| REQUIRED ACTION |
Everything in the entries except the pictures must be duplicated exactly.
**** ENTRIES SUPPLIED
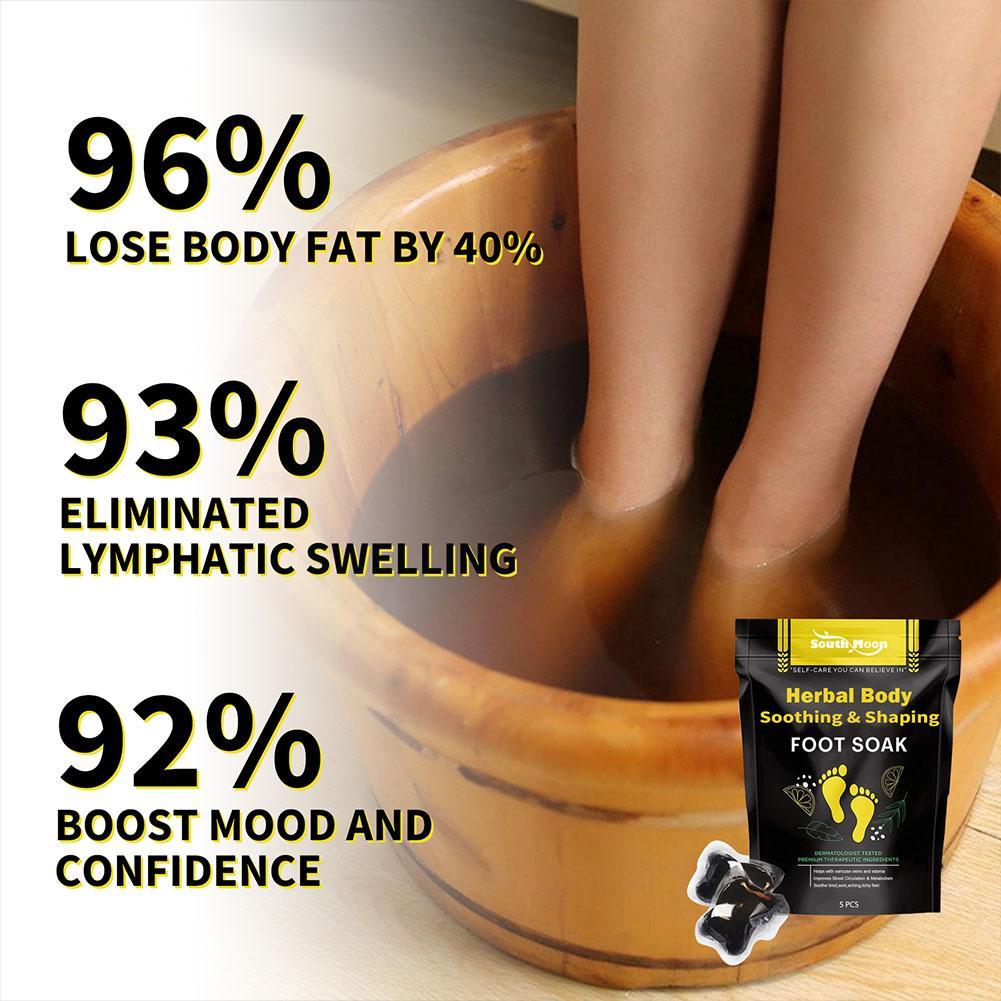 DetoxBoost — Instantly Revitalize Tired Feet | Buy 1 Get 1 Free - Lamylie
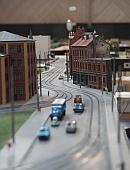 Stadt Stadt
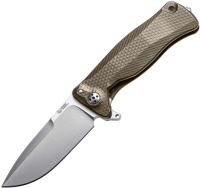 Купити ніж / мультитул Lionsteel SR11 B  за ціною від 18548 грн.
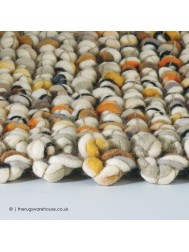 Marble Light Mix Rug - Thumbnail - 3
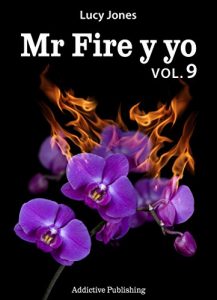 Descargar Mr Fire y yo – Volumen 9 pdf, epub, ebook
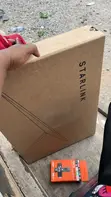 Starlink Gen 4 Router - Brand New - 3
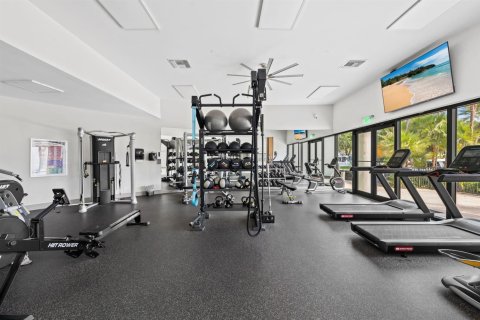 Condo in Fort Lauderdale, Florida, 1 bedroom  № 2270993 - photo 14
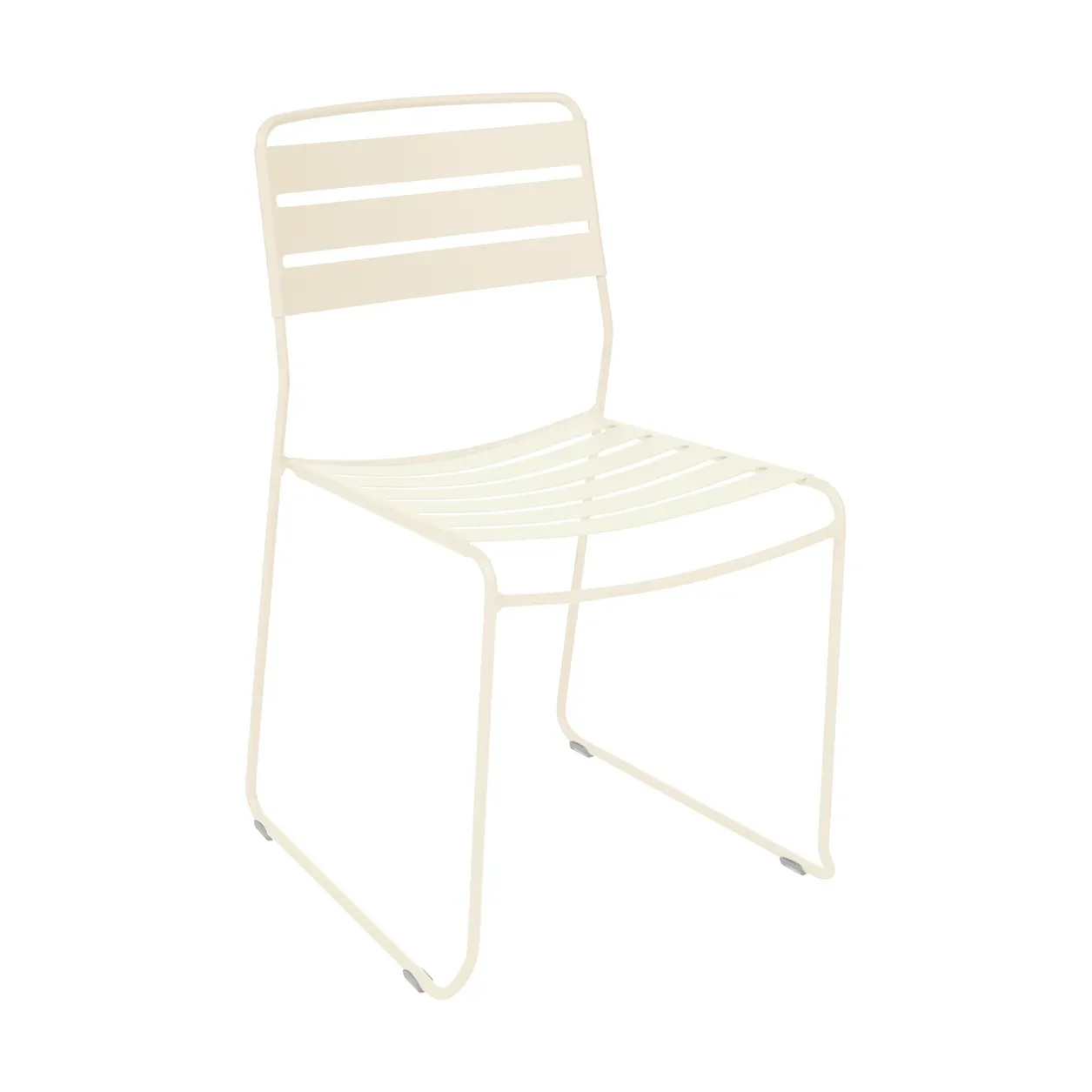 Fermob Surprising stol Latte beige (beige)
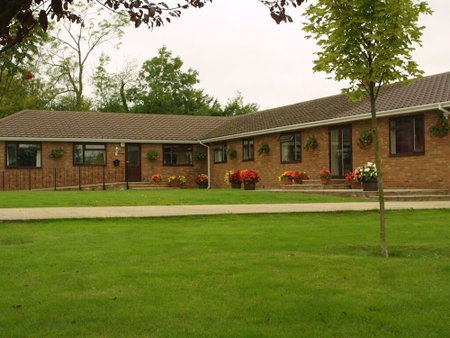 Little Bullocks Farm, Bishop's Stortford, United Kingdom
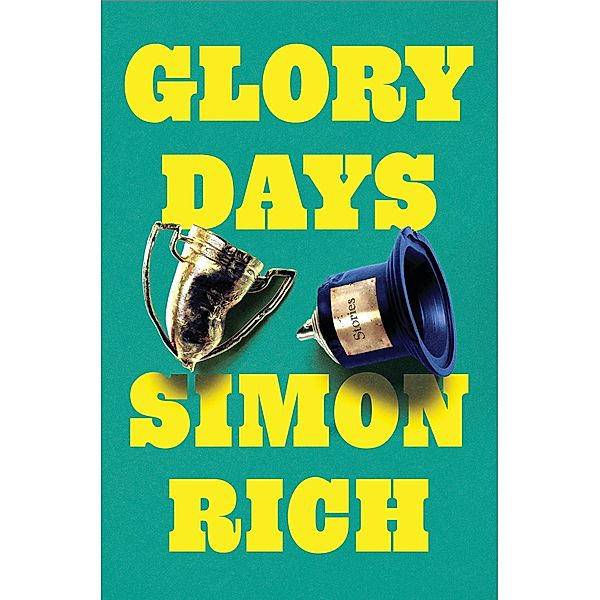 Glory Days, Simon Rich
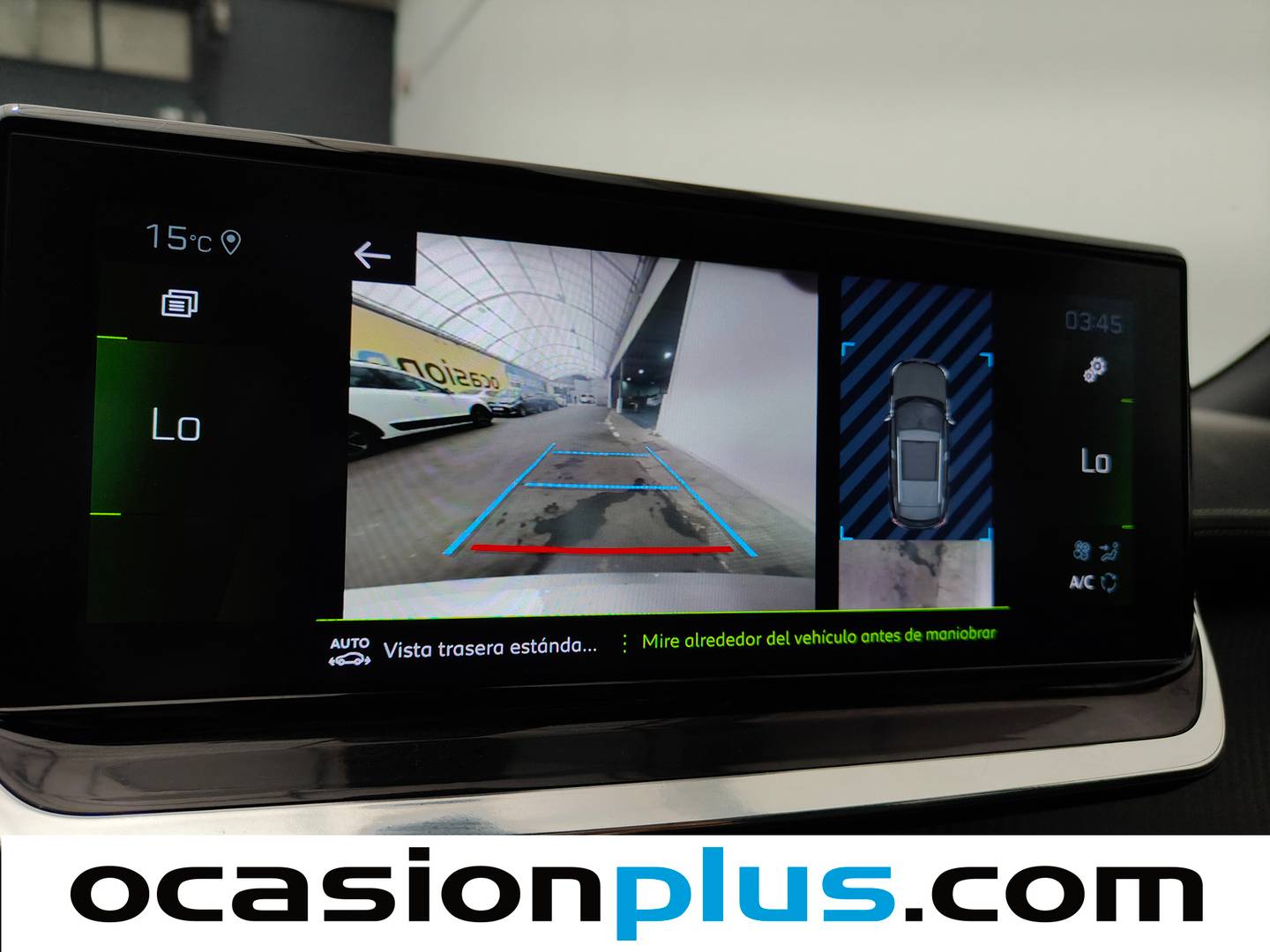 Paquetes del Peugeot 2008 Peugeot 2008 PureTech 130 S&S GT Line EAT8 (130 CV)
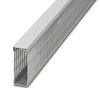CD-HF 40X100, скоба для крепления кабеля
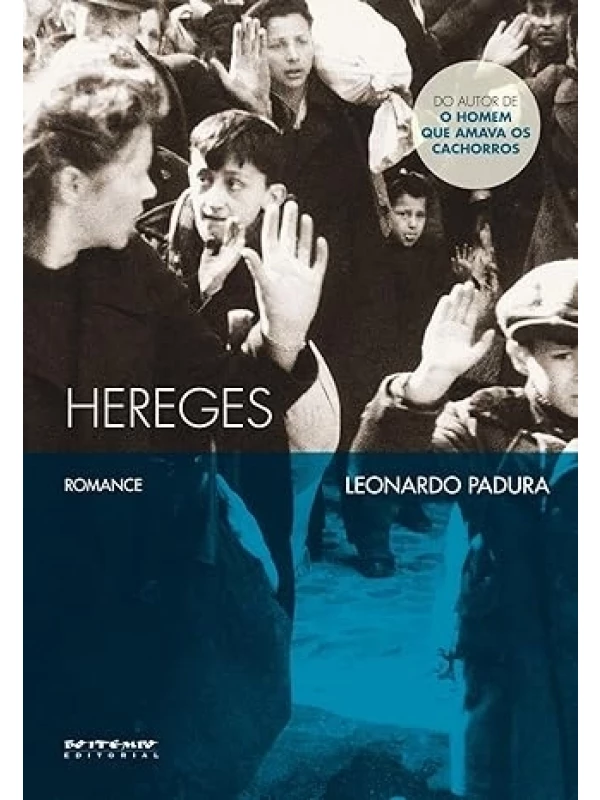 HEREGES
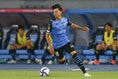 【画像】三笘薫／川崎→ブライトン｜写真：サッカーダイジェスト
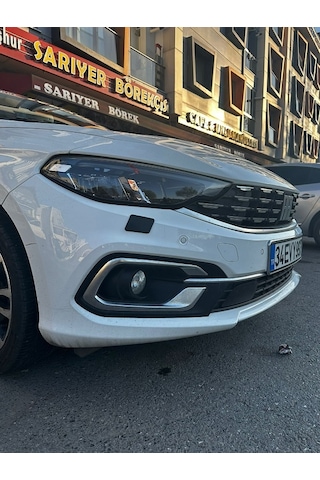 Egea far fiskiye kapağı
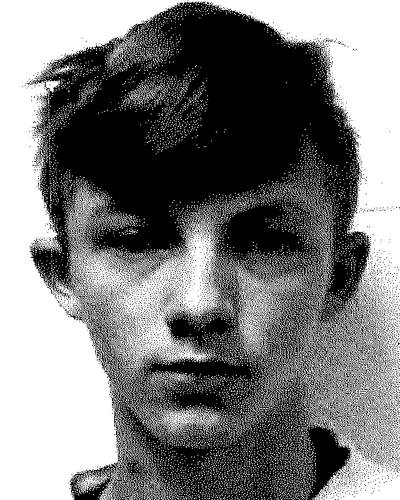 Missing: Michael Hobbs (SC)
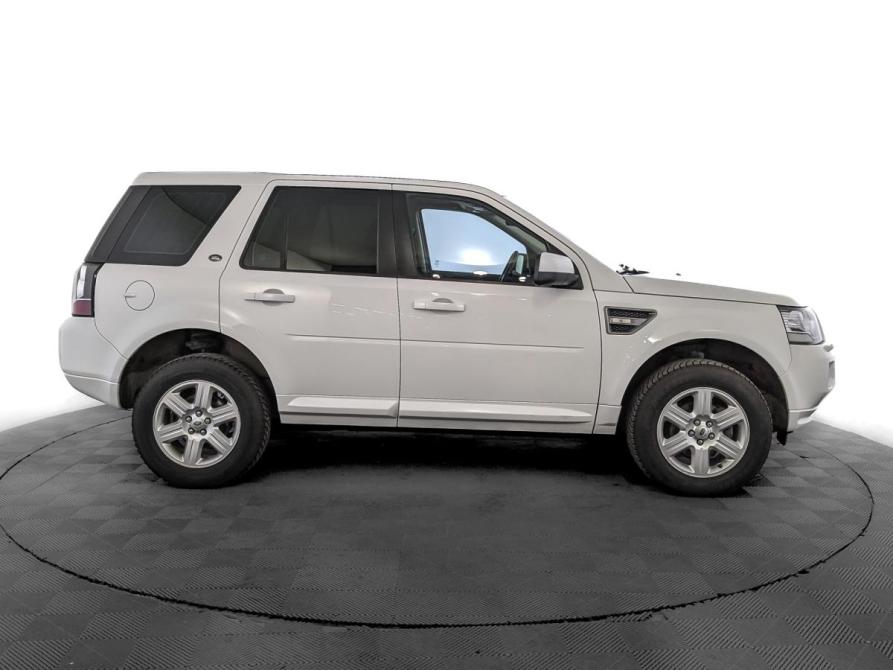 Land Rover Freelander II Рестайлинг 2 Москва  - изображение 4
********
| RESPONSE |
 DetoxBoost — Instantly Revitalize Tired Feet | Buy 1 Get 1 Free - Lamylie
 Stadt Stadt
 Купити ніж / мультитул Lionsteel SR11 B  за ціною від 18548 грн.
 Marble Light Mix Rug - Thumbnail - 3
 Descargar Mr Fire y yo – Volumen 9 pdf, epub, ebook
 Starlink Gen 4 Router - Brand New - 3
 Condo in Fort Lauderdale, Florida, 1 bedroom  № 2270993 - photo 14
 Fermob Surprising stol Latte beige (beige)
 Little Bullocks Farm, Bishop's Stortford, United Kingdom
 Glory Days, Simon Rich
 Paquetes del Peugeot 2008 Peugeot 2008 PureTech 130 S&S GT Line EAT8 (130 CV)
CD-HF 40X100, скоба для крепления кабеля
 HEREGES
 【画像】三笘薫／川崎→ブライトン｜写真：サッカーダイジェスト
 Egea far fiskiye kapağı
 Missing: Michael Hobbs (SC)
 Land Rover Freelander II Рестайлинг 2 Москва  - изображение 4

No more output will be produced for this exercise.